■ **Exercise prompt**:
Drop every image and restate the entries below word for word.

■ **Supplied material**:
━━━━

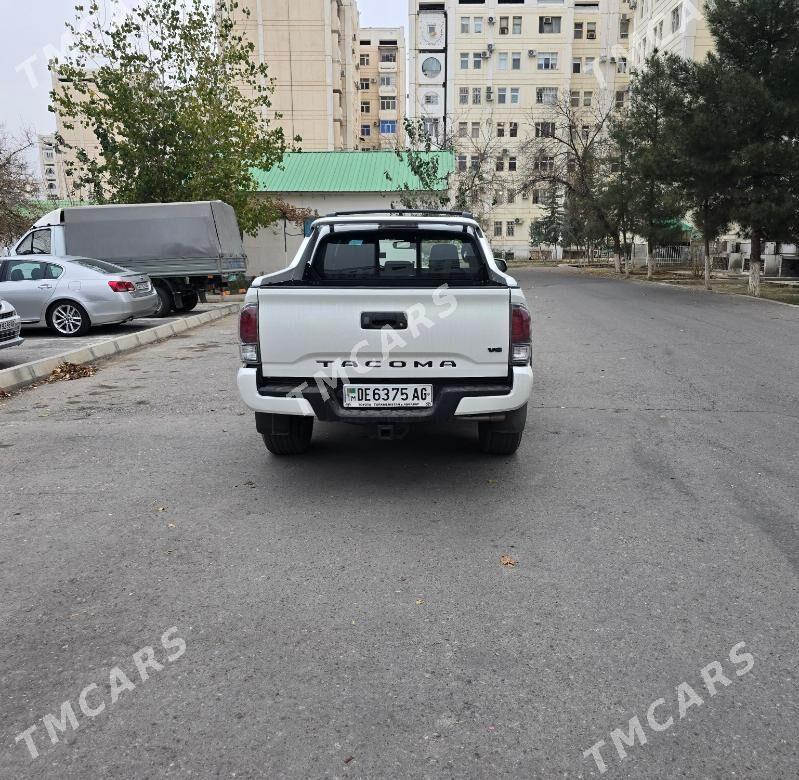 Toyota Tacoma 2019 - 365 000 TMT - Aşgabat - img 4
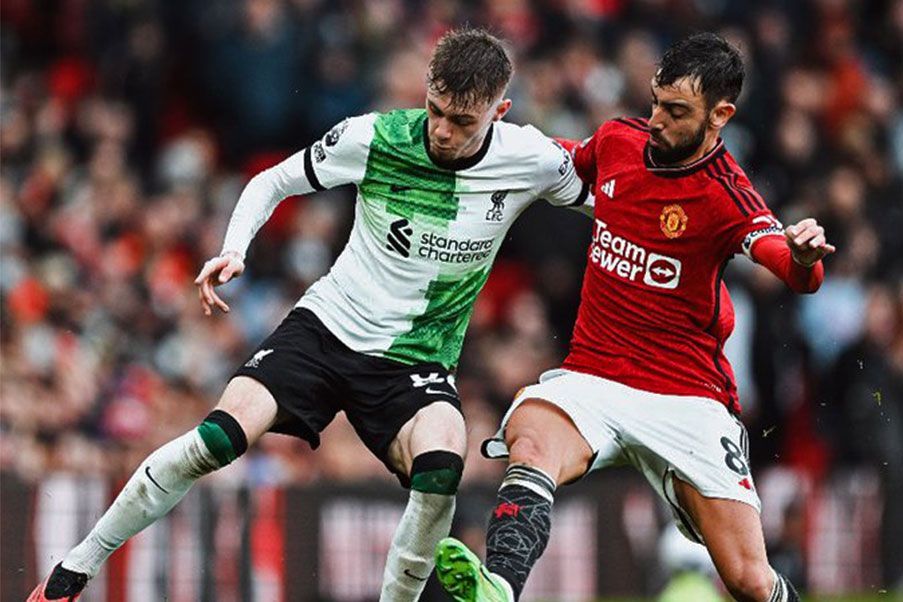 Man United y Liverpool El Manchester United y el Liverpool igualaron a dos en un vibrante encuentro en Old Trafford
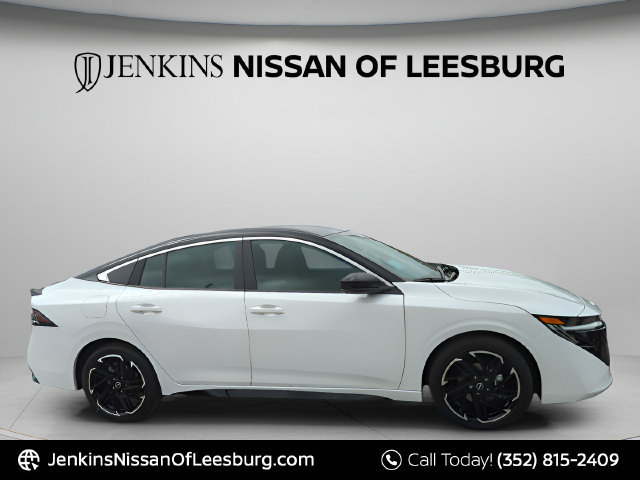Used 2026 Nissan Sentra SR w/ Floor Mat Package FWD image 5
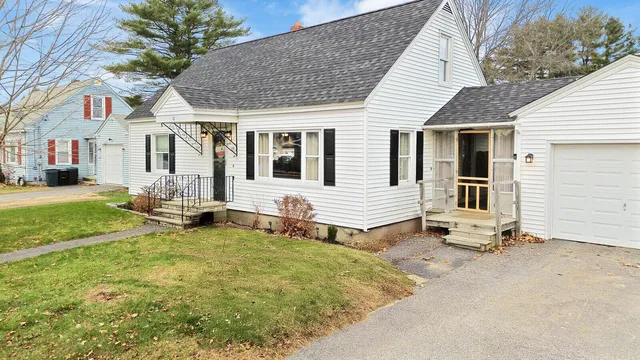 $325,000 | 10 Deforge Street, Lewiston, ME 04240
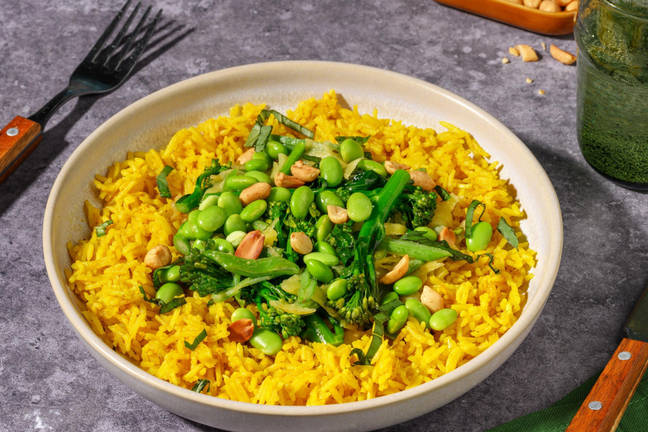 Riz pilaf aux broccolini, fèves de soja et basilic thaï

━━━━

■ **Response**:
 Toyota Tacoma 2019 - 365 000 TMT - Aşgabat - img 4
 Man United y Liverpool El Manchester United y el Liverpool igualaron a dos en un vibrante encuentro en Old Trafford
Used 2026 Nissan Sentra SR w/ Floor Mat Package FWD image 5
 $325,000 | 10 Deforge Street, Lewiston, ME 04240
 Riz pilaf aux broccolini, fèves de soja et basilic thaï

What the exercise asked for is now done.